This is a comparison of four works of art (the first of them is shown together with the preparatory draft). Each of them perhaps is unusual in itself. But what connects them is fascinating as well (at least to me). This side-by-side assembly is the result of a kind of collaboration between Henry Holiday, J. E. Millais, an anonymous painter and Philip Galle (with an engraving reproducing Maarten van Heemskerck’ work). In each segment (shown here) of an artwork the younger artists alludes to the work of the older artist. Is this pictorial citation chain an insider game between artists? How about discussing that in the classroom?
- [1, left] – 1876, Henry Holiday (engraver: Joseph Swain): The illustration detail on the very left side is a vectorized scan from Holiday’s illustration to an 1910 edition of Lewis Carroll’s The Hunting of the Snark.
- [1, right] – Additionally you see a segment from Holiday’s preperatory draft. You clearly can see how Henry Holiday intended to give parts of the drapery the shape of breasts.
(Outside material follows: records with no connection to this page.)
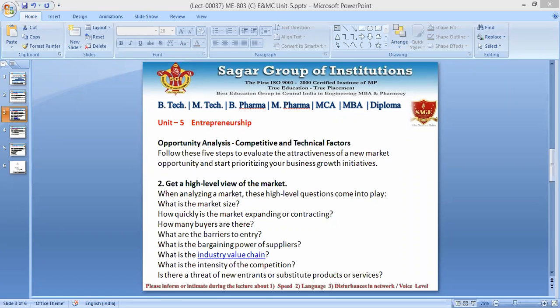The threat of new entrants — if you are already working in a particular product space and have been doing very well for the last three or four years, a new entrant can give you better competition.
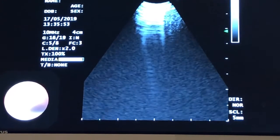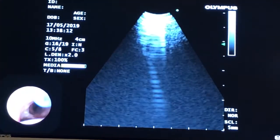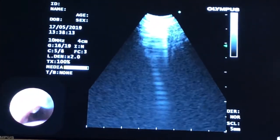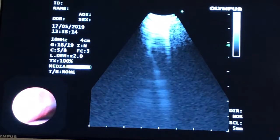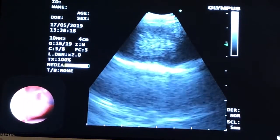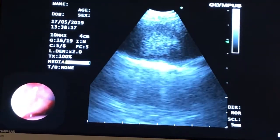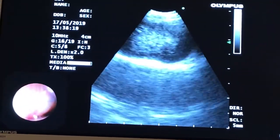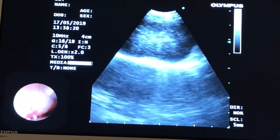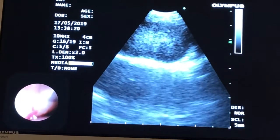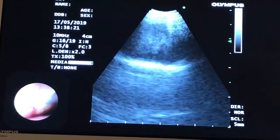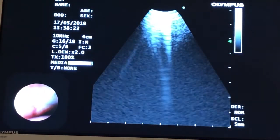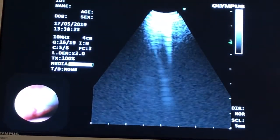So we'll be able to biopsy the lesion through EBUS TBNA as well for additional tissue. Here we are with the needle now. We're back to that 4R lymph node station, just about to place the needle into that lymph node.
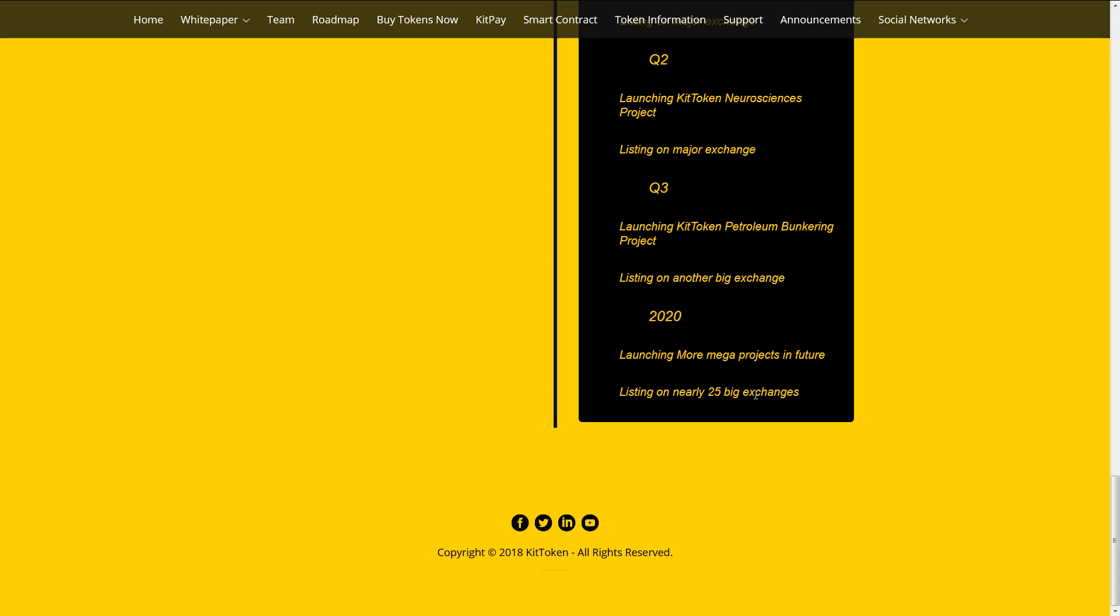More detail information can be found in links from description. Thanks for watching. For today this is the end. Subscribe to my channel. Invest and make money. Good luck.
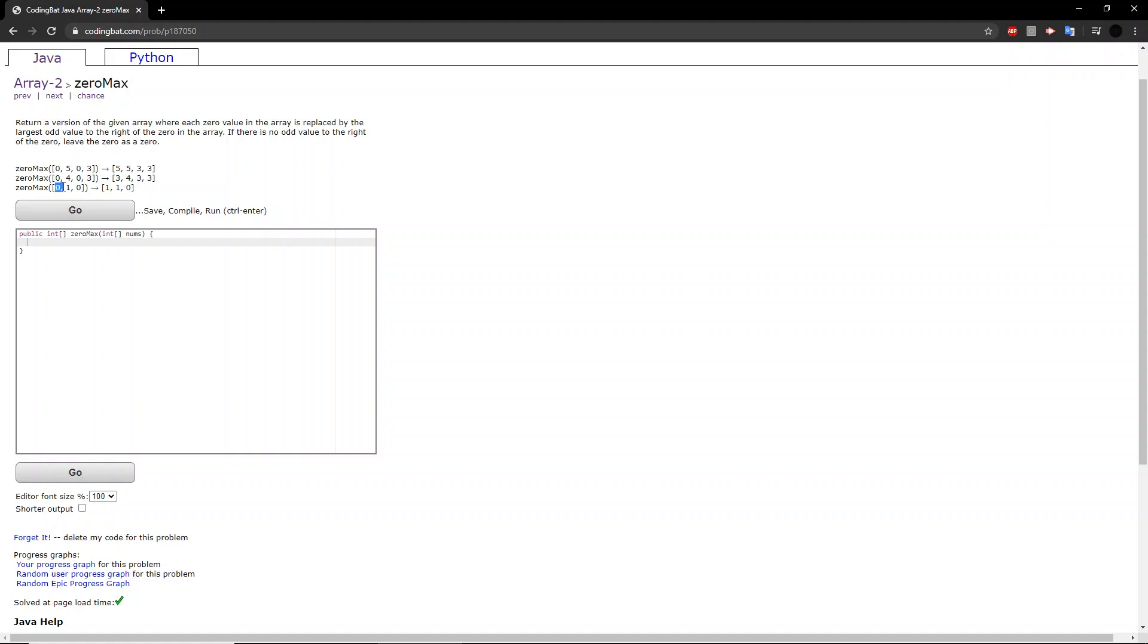In this last example, this 0 is changed to 1, because that is the largest odd value to the right of it. However, this last 0 is not changed to 1, because there are no odd values to the right of it.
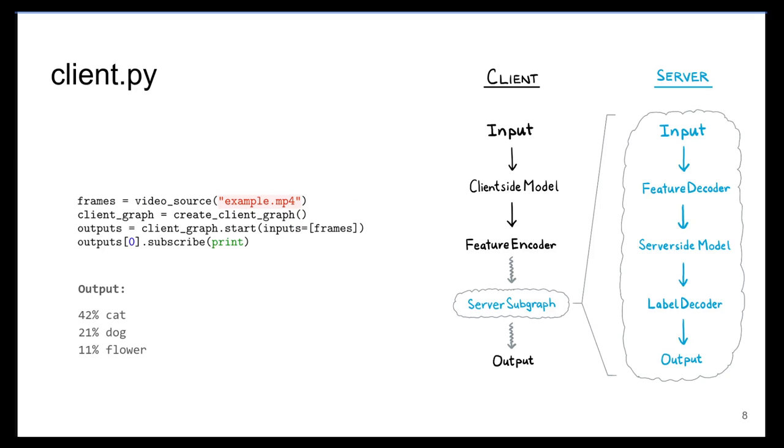Finally, we put it all together. Here we show how we can push frames from a video source through the client graph. The resulting prediction labels are then printed to the output.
- [2] – 1850, the young John the Baptist in John Everett Millais‘ Christ in the House of His Parents (aka The Carpenter’s Shop). The left leg of the boy looks a bit deformed. This is no mistake. Probably Millais referred to #3 and to #4.
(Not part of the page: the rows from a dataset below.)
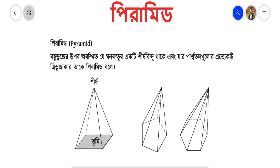We are still scared of the pyramid — we are now so late, but we are scared. That's why we are going to do the pyramid. We are going to cover a massive pyramid and a huge pyramid.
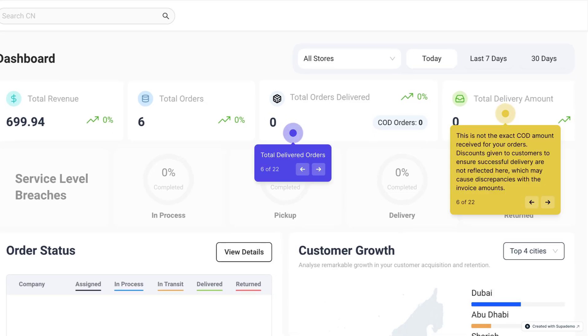Moreover, you can view the total delivered orders to quickly calculate your delivery ratio. This dashboard also provides a rough estimate of the total delivered amount.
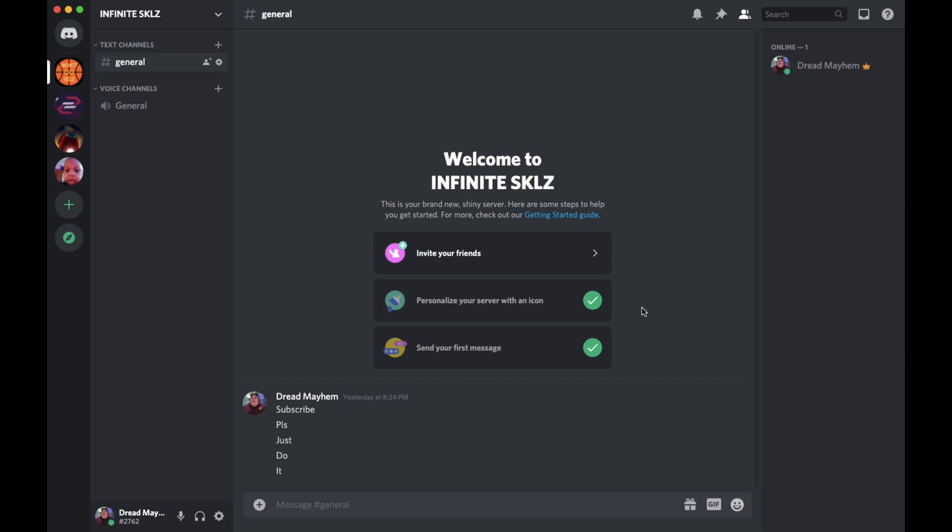Your name in the bottom left corner of your screen and select the settings icon next to the headphones icon. And if you hover over it, you can see user settings, and you're going to want to select that.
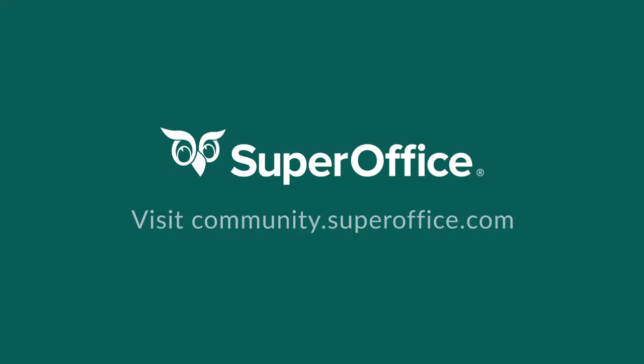Thank you for watching. For more information on how to improve your productivity with SuperOffice CRM, please visit our community website.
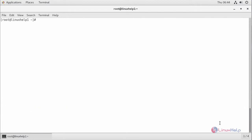For installing Ruby 2.2 version, command: yum install rh-ruby22 and press enter.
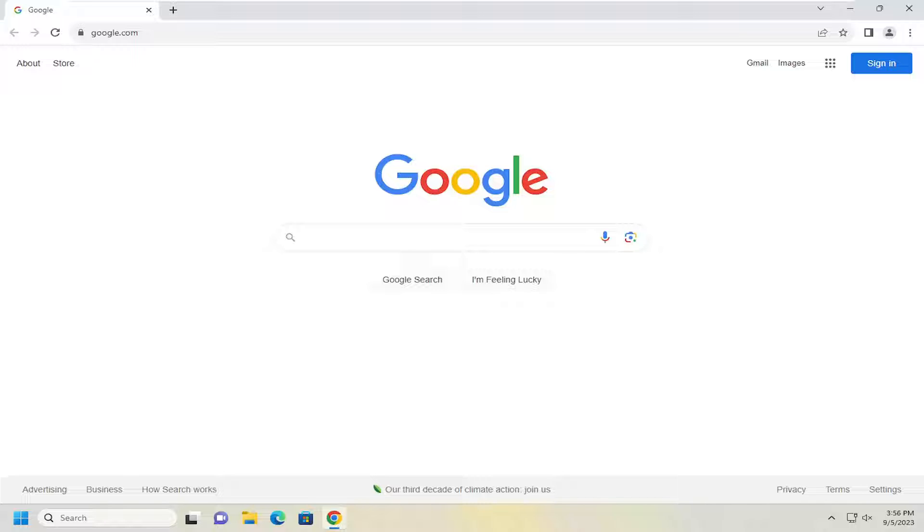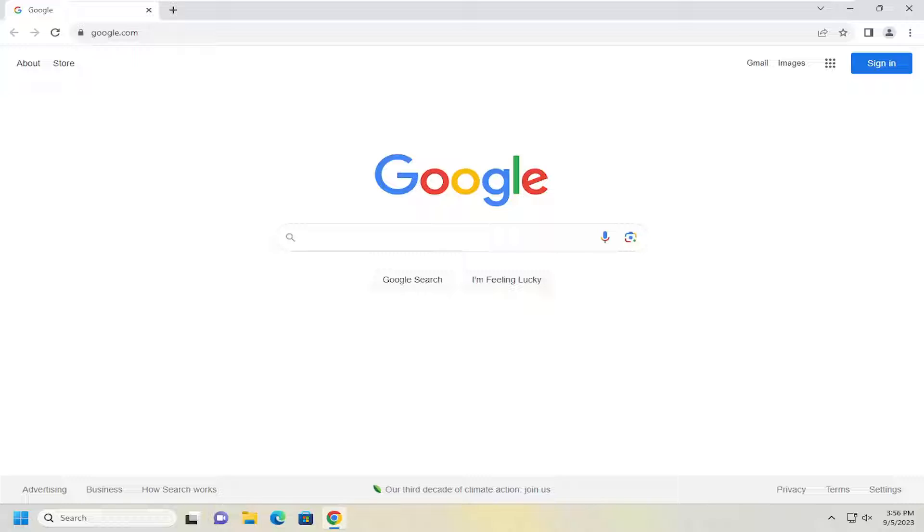In today's tutorial I'm going to show you guys how to go about changing the Google Chrome language back to English. So if you are currently experiencing an issue with Chrome that is set to a different display language, I'm going to show you guys how to go about resolving that and without further ado let's go ahead and jump right into it.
- [3] – Henry VIII’s bedpost, 16th century, anonymous: Detail (in mirror view) from Edward VI and the Pope, an Allegory of Reformation. The pope could be Paul III.
- [4] – (bedpost #3 alludes to bedpost #4): 1564, Redrawn segment of a print Ahasuerus consulting the records by Philip Galle after Maarten van Heemskerck. The resemblance of #4 to the image #3 (the bedpost) was shown by the late Margaret Aston in 1994 in The King’s Bedpost: Reformation and Iconography in a Tudor Group Portrait (p. 68). She also compared the bedpost to Heemskerck’s Esther Crowned by Ahasuerus.
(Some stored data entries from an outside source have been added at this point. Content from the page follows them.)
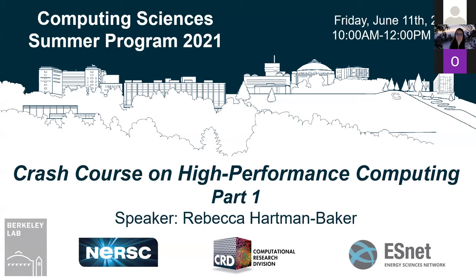Welcome everybody to this crash course in HPC. This crash course will consist of two parts — this morning and another one in the afternoon. The course is open to all participants in the CS summer program, and also to all NERSC users. The course is presented by Rebecca Hartman Baker. She leads the user engagement group at NERSC, the National Energy Research and Computing Center, where she is responsible for engagement with the NERSC user community to increase user productivity. She began her career at Oak Ridge National Laboratory, joined NERSC in 2015, and before that spent time working at the Pawsey Supercomputers Center in Australia.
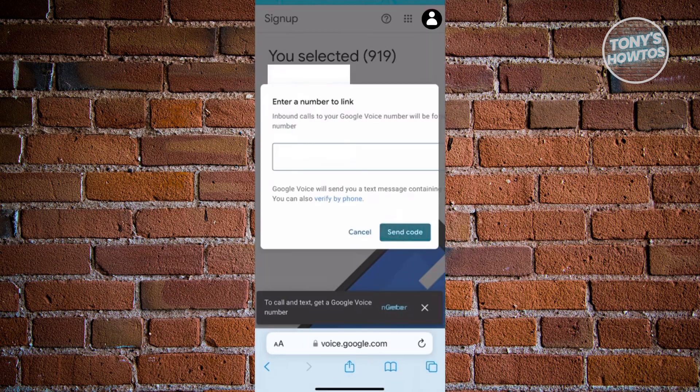And in here, you need to enter a number that you need to link to your Google Voice number. In this case, an actual number is still required in order for you to get a Google Voice number here. So go ahead and enter your number here and just click on send code. In this case, the following step here is you just need to enter the code that will be sent to your actual phone.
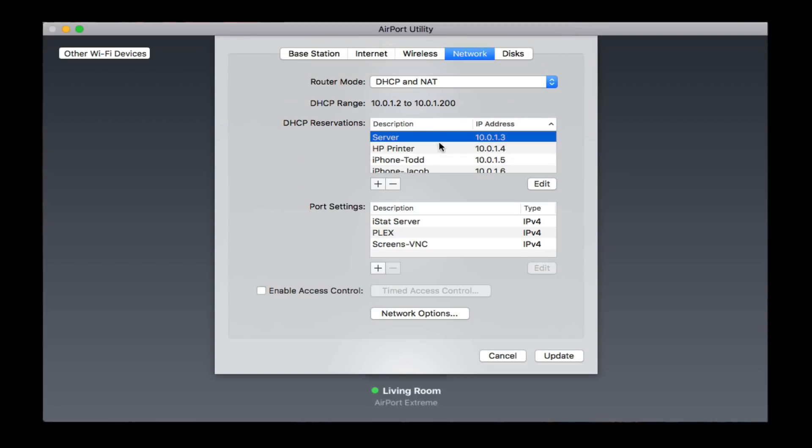What this means is that every time I restart my router or restart my server or anything like that, my server will always get the same local IP address. That's very important because all of your other devices will be set to using that local IP address for their own DNS on the network.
All segments shown in the image at the top of this page are details from the lower right corners (see yellow marker frame) of the four images (paitings and prints shown below) from which these details were taken:
- [left]: Henry Holiday: Depiction (1876) of the Baker’s visit to his uncle in Lewis Carroll’s The Hunting of the Snark (engraved by Joseph Swain). Outside of the window-like inset are some of the Baker’s 42 boxes.
- [right top]: John Everett Millais: Christ in the House of His Parents aka The Carpenter’s Shop (1850).
Location: Tate Britain (N03584), London.
Literature:
(1) Deborah Mary Kerr (1986): John Everett Millais’ Christ in the house of his parents (http://circle.ubc.ca/handle/2429/26546)
(2) P. 34, Éva Péteri (2003): Victorian Approaches to Religion as Reflected in the Art of the Pre-Raphaelites, Budapest 2003. ISBN 978-9630580380
(3) Albert Boime (2008): Art in an Age of Civil Struggle, 1848-1871
p. 225-364: The Pre-Raphaelites and the 1848 Revolution, ISBN 978-0-226-06328-7 - [right middle]: Anonymous: Edward VI and the Pope, An Allegory of Reformation, mirrored view (16th century, NPG 4165). Iconoclasm depicted in the window-like inset. Among the persons under that inset, 3rd from left is Thomas Cranmer who wrote the 42 Articles in 1552.
Edward VI and the Pope (NPG 4165) was, until 1874, the property of Thomas Green, Esq., of Ipswich and Upper Wimpole Street, a collection ‘Formed by himself and his Family during the last Century and early Part of the present Century’ (Roy C. Strong: Tudor and Jacobean Portraits, 1969, p.345). Thus, when Millais’ Christ in the House of His Parents (The Carpenter’s Shop) was painted in 1849-1850, the 16th century painting was part of a private collection. It was sold by Christie’s 20 March 1874 (lot 9) to a buyer unknown to me, that is, when Holiday started with his illustrations to The Hunting of the Snark.Location: National Portrait Gallery, London - [right bottom]: Philip Galle after Maarten van Heemskerck, Redrawn print Ahasuerus consulting the records (1564).
Location: Rijksmuseum, Amsterdam
There is no place for The Hunting of the Snark in Stuart Freeborn’s Yoda creation story (1979). But I assume that he knew Henry Holiday’s illustration to the chapter The Baker’s Tale in Carroll’s tragicomedy. Or Lawrence Kasdan and George Lucas, the screenwriters of the Return of the Jedi (1983), got the idea to allude to the Snark. Or they just added one more variant of the many scenes to their movie, where a dying old man at the end of his life passes important knowledge to a young man. Last not least, the similarities just could be incidental.